Highly radioactive "spent" nuclear fuel is removed from a reactor after use. In the UK this fuel can come from three types of nuclear reactor used to generate electric power: Magnox reactors, Advanced Gas-Cooled Reactors (AGRs) and the Sizewell B Light Water Reactor (LWR). Two broad management strategies are available to deal with this spent fuel in the short to medium term. It may either be stored in such a way that it does not deteriorate significantly or, after a period of cooling, it may be dissolved in acid and potentially re-usable uranium and plutonium contained within it chemically separated out. The latter is termed reprocessing.

Uranium and plutonium separated from spent fuel by reprocessing can (and successfully have been) used again in nuclear power stations. They may therefore be seen to have "value" in terms of the large amounts of nuclear power that they can potentially generate. But this must be set against the cost of the reprocessing itself. In addition, reprocessing produces a range of wastes the most notable of which is liquid high level, heat generating waste which, again after cooling, is converted to chemically stable, although highly radioactive, glass. Like the process of nuclear power generation itself, reprocessing also gives rise to intermediate and low level solid radioactive wastes and liquid and gaseous radioactive discharges that must be managed. For all these reasons, the economics and benefits of reprocessing are currently the subject of lively debate.

The review of reprocessing that is reported here has focussed on BNFL's activities at Sellafield, the only UK location where reprocessing is carried out at the present time. Both the reprocessing of Magnox spent nuclear fuel in the B205 facility and the reprocessing of AGR and LWR spent nuclear fuel in the THORP facility have been considered.

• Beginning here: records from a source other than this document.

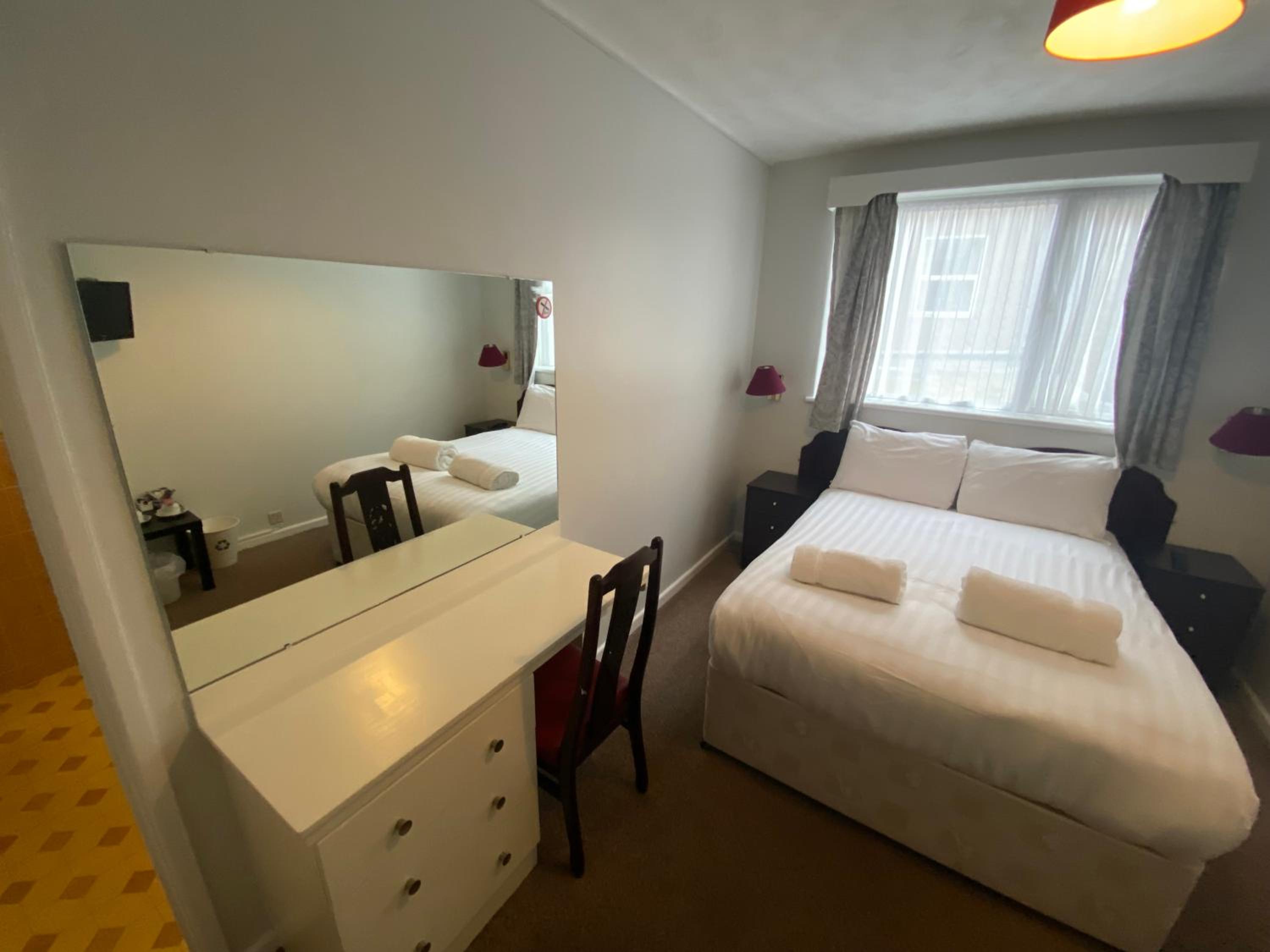 Double Room - Photo 2
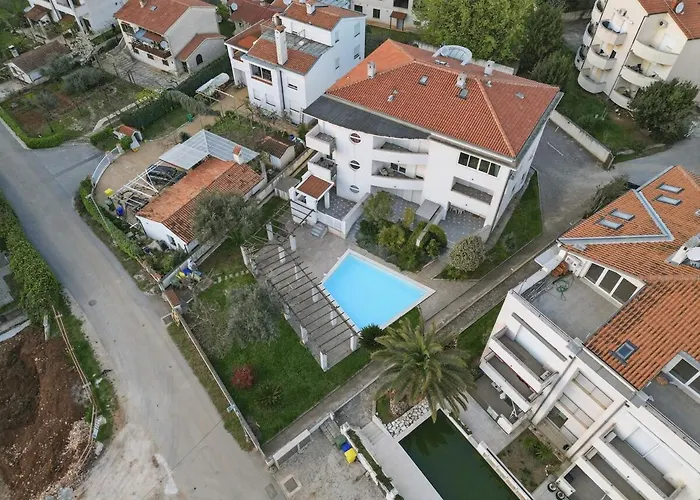 Nautic - - Croatia Apartament *
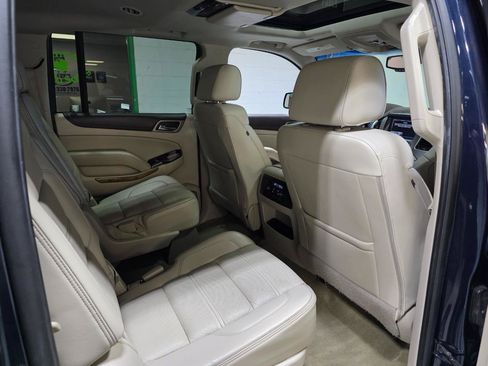 Used 2017 GMC Yukon XL Denali w/ Open Road Package AWD/4WD image 26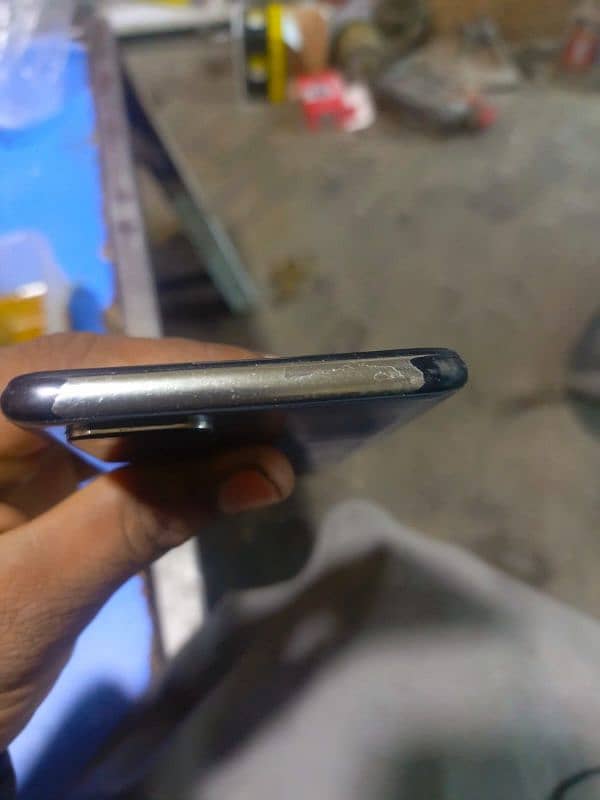 oppo F19 6 128 super amolad screen condition 10 by 9 4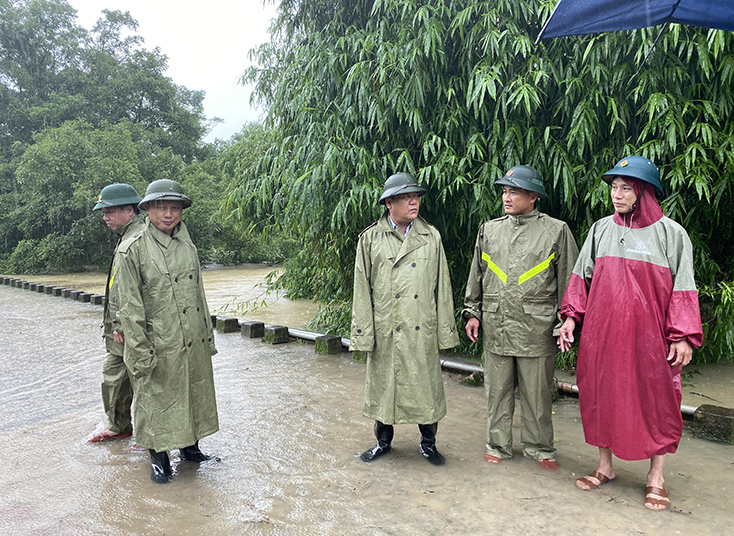 Đồng chí Phó Chủ tịch UBND tỉnh Trần Phong kiểm tra, chỉ đạo công tác ứng phó mưa lũ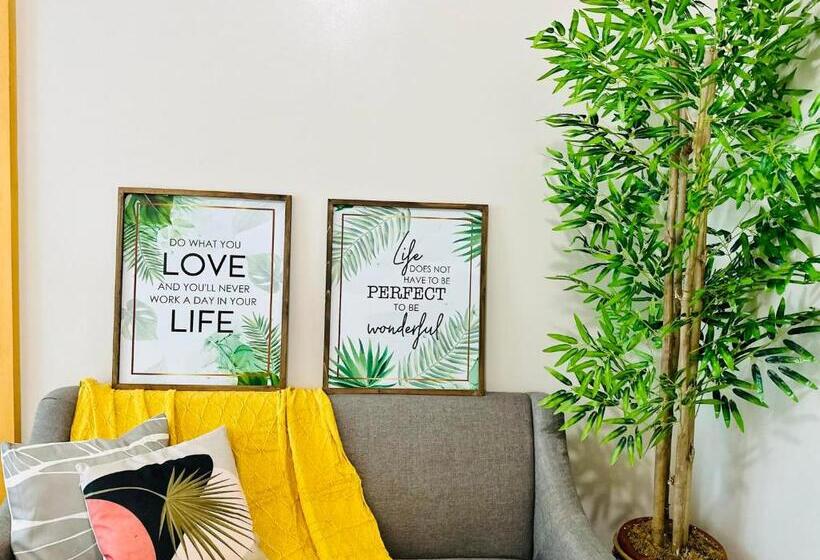 Uptown Bgc 1br Suite Room By Christine Suites Ph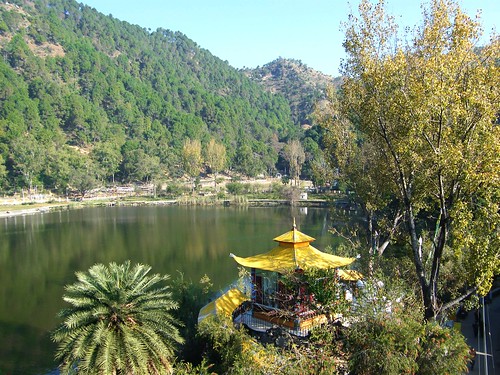 india lake mountains buddhism ilp hinduism sikhism himachalpradesh rewalsar theindiatree rawalsar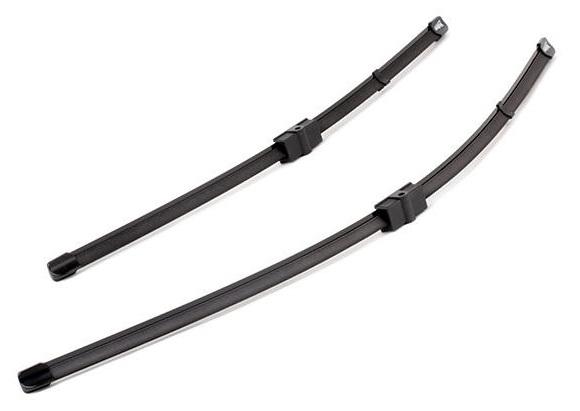 Set de ștergătoare parbriz VALEO SILENCIO FLAT BLADE 574687, lungimi 500 mm și 650 mm, cu lamă lată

The latter, in particular, also undertakes reprocessing of overseas spent nuclear fuel.

The review has evaluated and assessed the management implications of the waste and other material arisings that follow from a range of nuclear power plant and reprocessing operational scenarios. These were chosen to span early termination of UK reprocessing through to the maximum possible extent of future reprocessing that BNFL could reasonably foresee. RWMAC notes that the early closure of Magnox reprocessing could also necessitate early closure of the Magnox power stations. The wider consequences and environmental implications of replacing these power sources was not evaluated by the Committee.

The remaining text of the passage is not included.